What are the flaws and where is the assymetry...and what is the psl average here


----------



## Nibba (Feb 12, 2019)

/10


----------



## Pex1992 (Feb 12, 2019)

Nibba said:


> View attachment 20288
> /10


U can be serious instead of just laughing man


----------



## Quik (Feb 12, 2019)

Nibba said:


> View attachment 20288
> /10


You're brutal dude


----------



## Newguyaround (Feb 12, 2019)

asymmetry chew on the other side.


----------



## Nibba (Feb 12, 2019)

Pex1992 said:


> U can be serious instead of just laughing man


@Arceus300 @Tony @future chadlite @battlefieldincel


Quik said:


> You're brutal dude


It's truly over


----------



## Pex1992 (Feb 12, 2019)

Y


Newguyaround said:


> asymmetry chew on the other side.


Yup i have started doing it now...do i look good and i also mew ....what are the ratings


----------



## Nibba (Feb 12, 2019)

Pex1992 said:


> How do i look???what are the flaws that i need to work on ???be honest and generous
> View attachment 20281
> View attachment 20286


Why did you even post this in looksmaxing there's literally a rating subforum right below it


----------



## Pex1992 (Feb 12, 2019)

Nibba said:


> Why did you even post this in looksmaxing there's literally a rating subforum right below it


I am new here so didnt know that ...btw who posts here in looksmax....


----------



## Newguyaround (Feb 12, 2019)

Pex1992 said:


> I am new here so didnt know that ...btw who posts here in looksmax....



What country are you from.


----------



## ZyzzReincarnate (Feb 12, 2019)

Nibba said:


> View attachment 20288
> /10


he doesnt even look like a real human being


----------



## Pex1992 (Feb 12, 2019)

Nibba said:


> @Arceus300 @Tony @future chadlite @battlefieldincel
> 
> It's truly over


And why u saY its over ...


Newguyaround said:


> What country are you from.


India


----------



## SeiGun (Feb 12, 2019)

Pex1992 said:


> What are the flaws and where is the assymetry...and what is the psl average here


you cant see your asymmetry? seriously?


----------



## rockndogs (Feb 12, 2019)

You look like very mexican or latin american in general


----------



## Newguyaround (Feb 12, 2019)

Pex1992 said:


> And why u said its over ...in
> 
> India


Bf%, Height,Age?


----------



## Pex1992 (Feb 12, 2019)

ZyzzReincarnate said:


> he doesnt even look like a real human being


 and


SeiGun said:


> you cant see your asymmetry? seriously?

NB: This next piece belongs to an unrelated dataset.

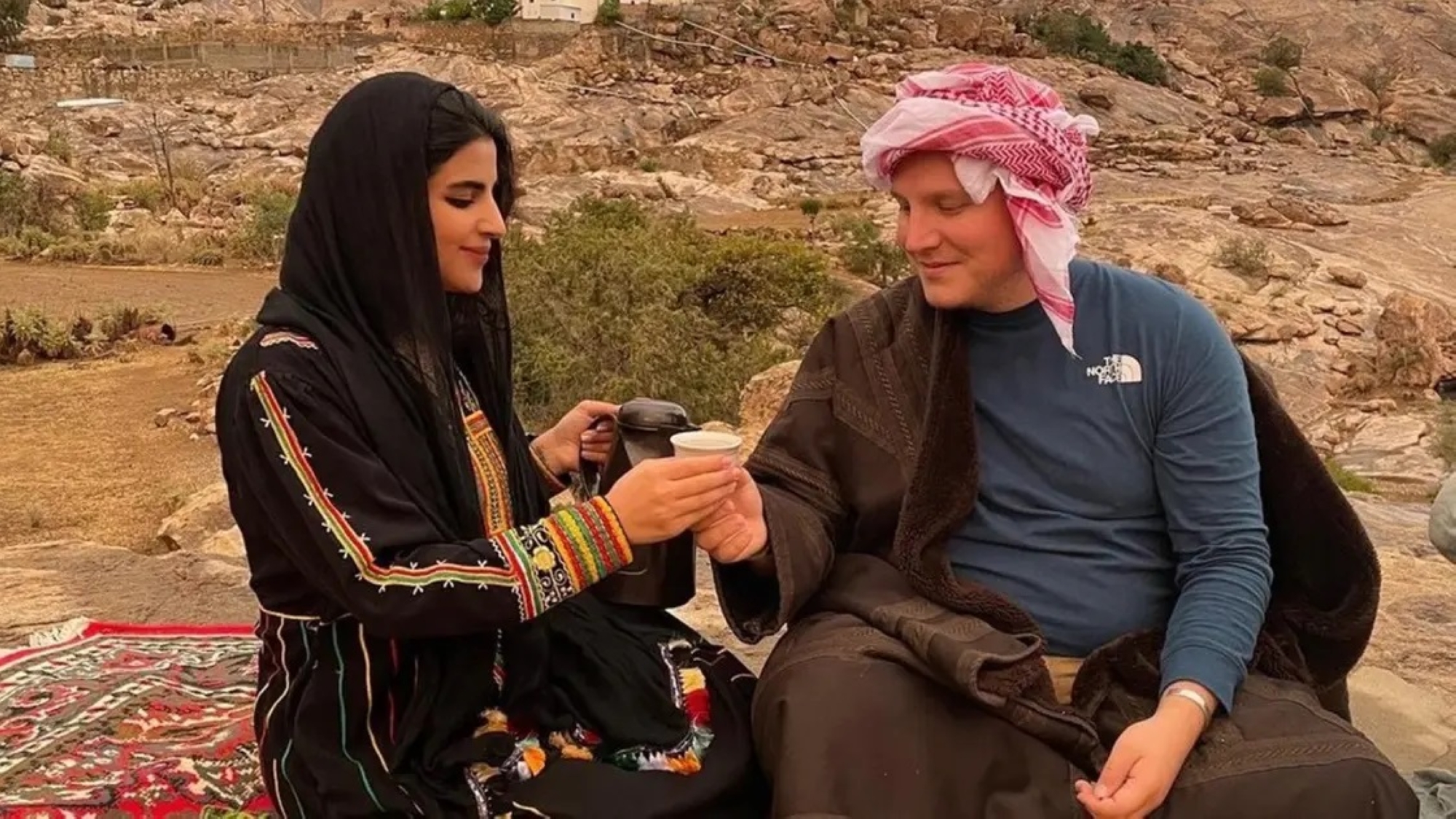 "أبو متعب الأمريكي" ينقل "حكاية العلا" للعالم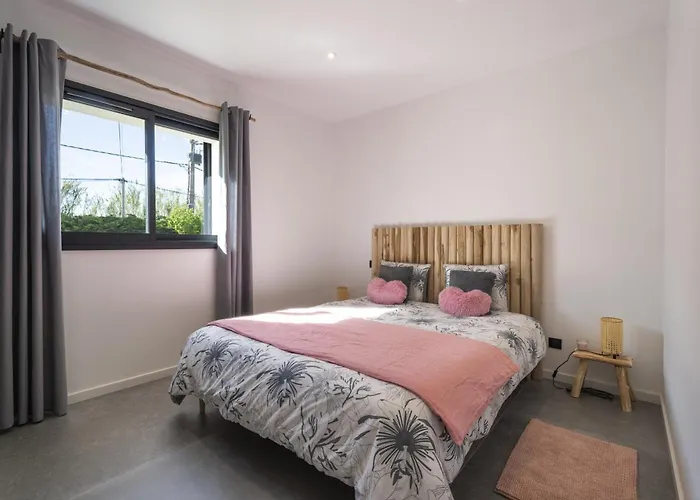 Villa Bord De Avec Piscine *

I can see coz my left jaw is slightly more rounded than the right jaw coz of the massetter muscles


Newguyaround said:


> Bf%, Height,Age?


Height 5:11 age is 25 dont know about body fat ...


rockndogs said:


> You look like very mexican or latin american in general


Nope i am indian ....ya i know i dont look indian


----------



## Nibba (Feb 12, 2019)

Pex1992 said:


> India


@Madness @ZyzzReincarnate @Tony @future chadlite @everyone

We have found the new @TakaRyo


----------



## Pex1992 (Feb 12, 2019)

SeiGun said:


> you cant see your asymmetry? seriously?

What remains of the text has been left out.